Sevgili okuyucular ;
Bu haftaki yazıma Mustafa Denizli'nin takımının başında sahaya çıkmaması ile başlamak istiyorum. Burada karşımıza iki soru çıkıyor ; Mustafa Denizli yeni takımı olan Galatasaray'a mı güvenmiyor yoksa kendine olan özgüveni mi yok ? O kadar ilginç ki başka bir ülkeden yabancı bir hoca gelse belki takımın ilk maçını tribünde izleyip
tanımak ister, yeni takımının hatalarını ve doğrularını analiz etmek ister, en azından yenilirse tepki almamak için riske girmek istemez.
Fakat Mustafa Denizli gibi Galatasaray'ı çok iyi tanıyan, her hafta televizyonda ve gazetede maç öncesi ve sonrası analizlerini yapan yeni teknik adam tribünde oturarak seyirci kalıyor. Peki geçmişe baktığımızda beğenmediğimiz Roberto Mancini: " Takımı bir günde maça hazırlamak handikap ama Juventus'u iyi tanımam avantaj olabilir " diyerek sahaya çıktı. Sen de Galatasarayı iyi tanıma avantajını kullanarak sahaya çıkabilirdin. Demek ki sorunun cevabı; hem kendine hem de takımına güvenmiyorsun !....

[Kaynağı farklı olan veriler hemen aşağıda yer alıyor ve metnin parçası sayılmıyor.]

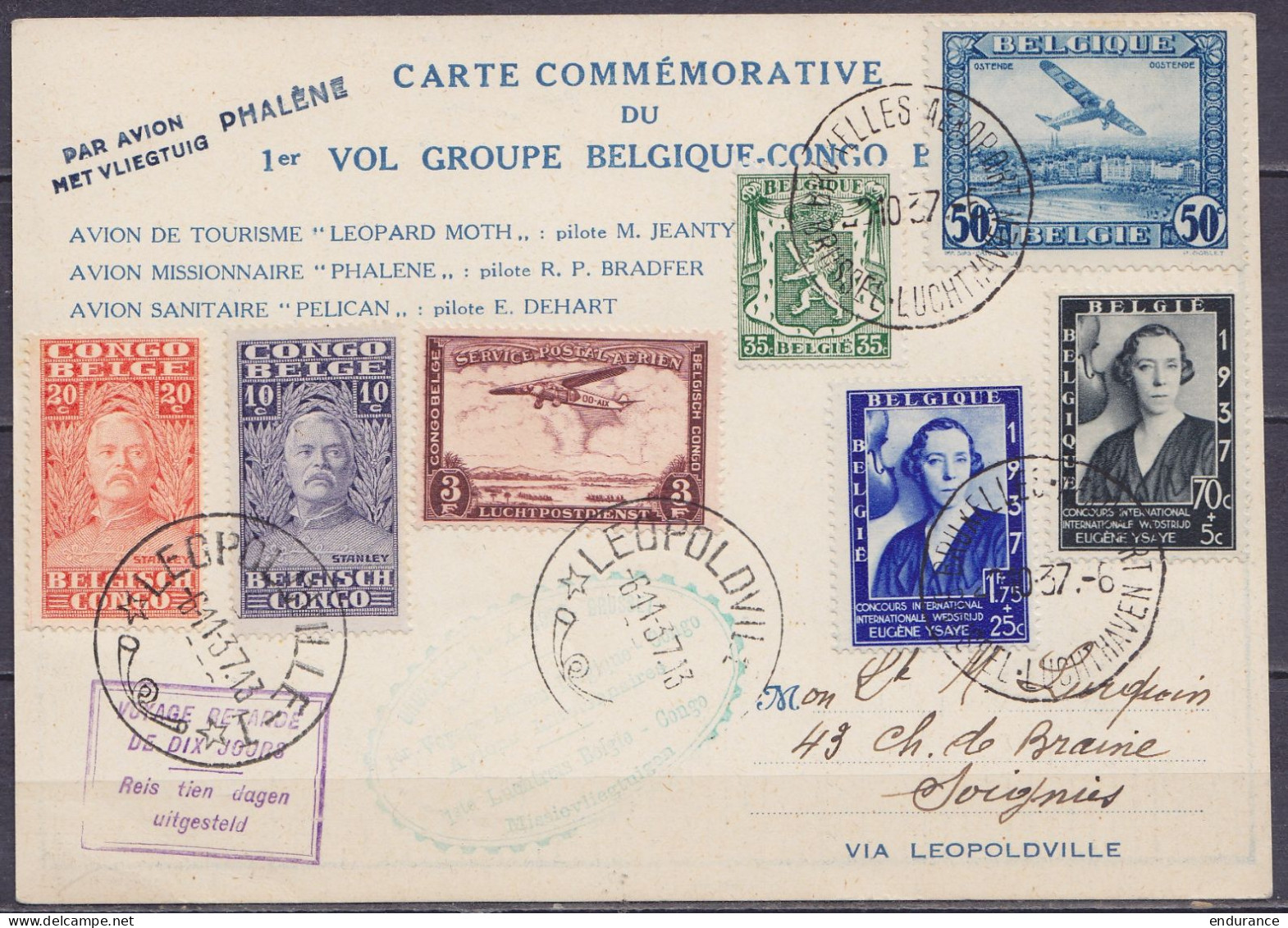 CP Commémorative "1e Vol Groupé Belgique-Congo Belge" Affr. PA1+N°425+456/57 Càd BRUXELLES-AEROPORT /22-10-1937 Pour LEO - Briefe U. Dokumente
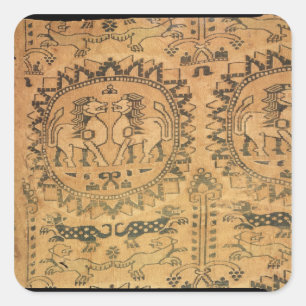 Tapestry, asiatischer Western, 7.-8. Jahrhundert Quadratischer Aufkleber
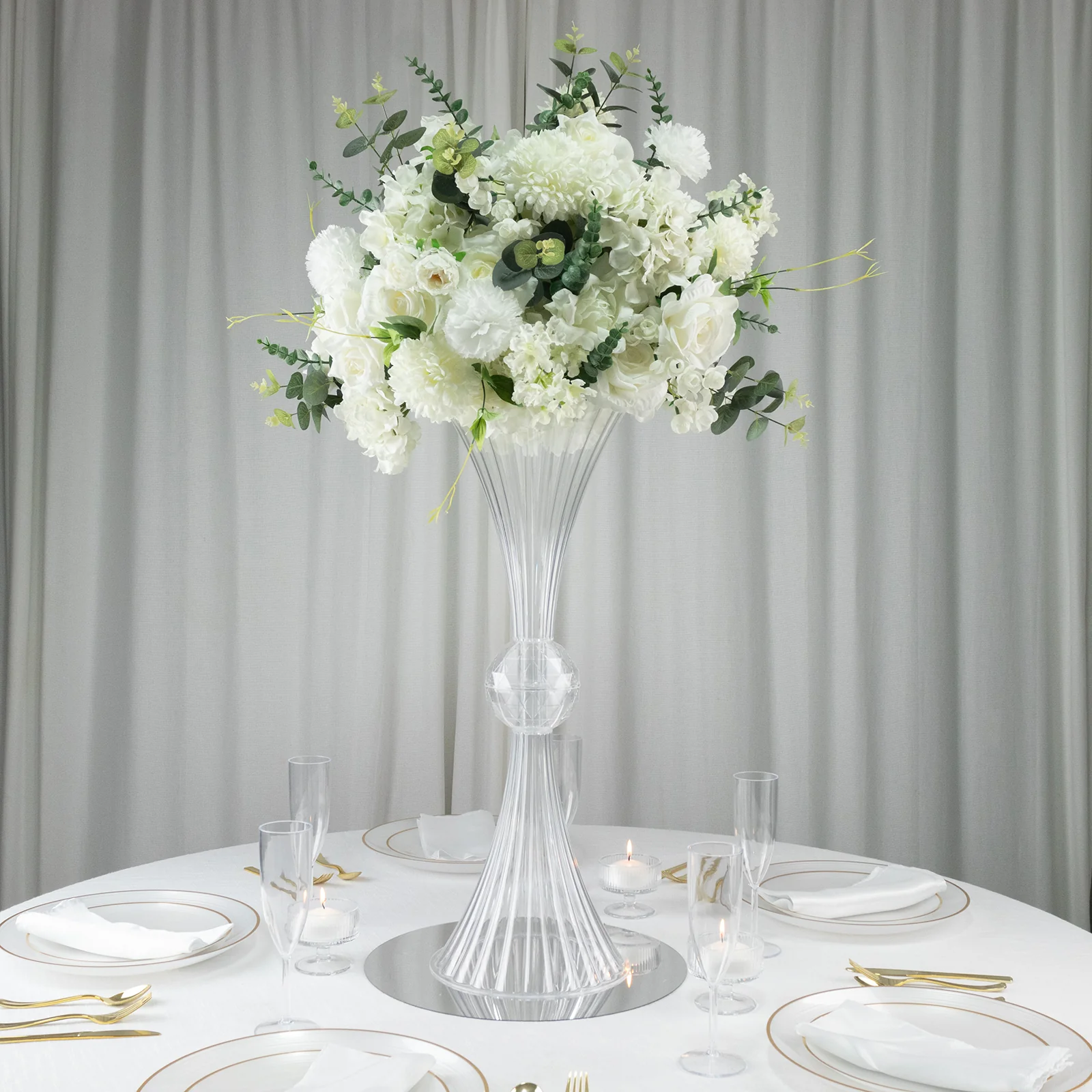 4 Pack Ribbed Acrylic Trumpet Vases – 28" Clear Reversible Flower Centerpiece with Crystal Ball Accent - Image 7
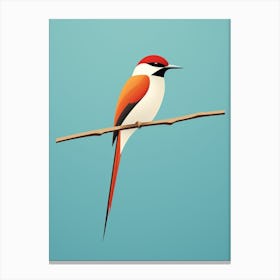 Bird Perching Minimalist 4 Canvas Print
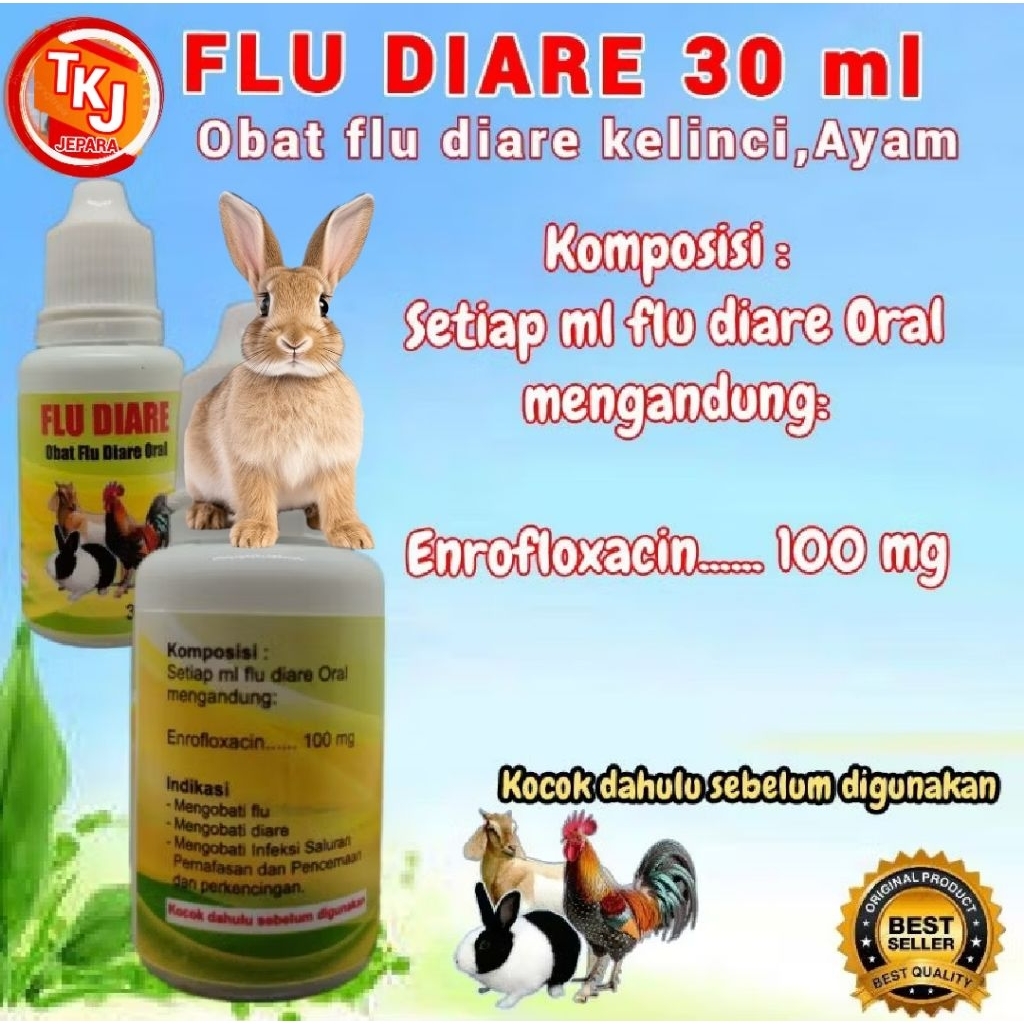 FLU DIARE obat flu diare kelinci ayam isi 30 ml untuk obat diare obat flu hewan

A.Madrid maçına dönecek olursak ; eminimki benim gibi çoğu taraftarın da üzüldüğü dünkü yenilgi değildi. Sahada kendine güveni olmayan, mücadeleden noksan ve ruhunu ortaya koyamayan bir takımın olmasıydı. Şampiyonlar ligine devam etmek için olması gereken tek şey mutlak bir galibiyetti. Ama maçın tamamına baktığımız zaman Sneijder'in girdiği gol pozisyonu dışında hiçbir etkisi olmayan Galatasaray izledik. Sahada 90 dakika boyunca kendi sahasında sürekli baskı gören bir Galatasaray ile hızlı ve akıllı oynayan bir A.Madrid takımı vardı. Çoğu maçta olduğu gibi A.Madrid maçında da övünebileceğim tek oyuncu Muslera'ydı ve belkide takımını tarihi bir farktan kurtardı.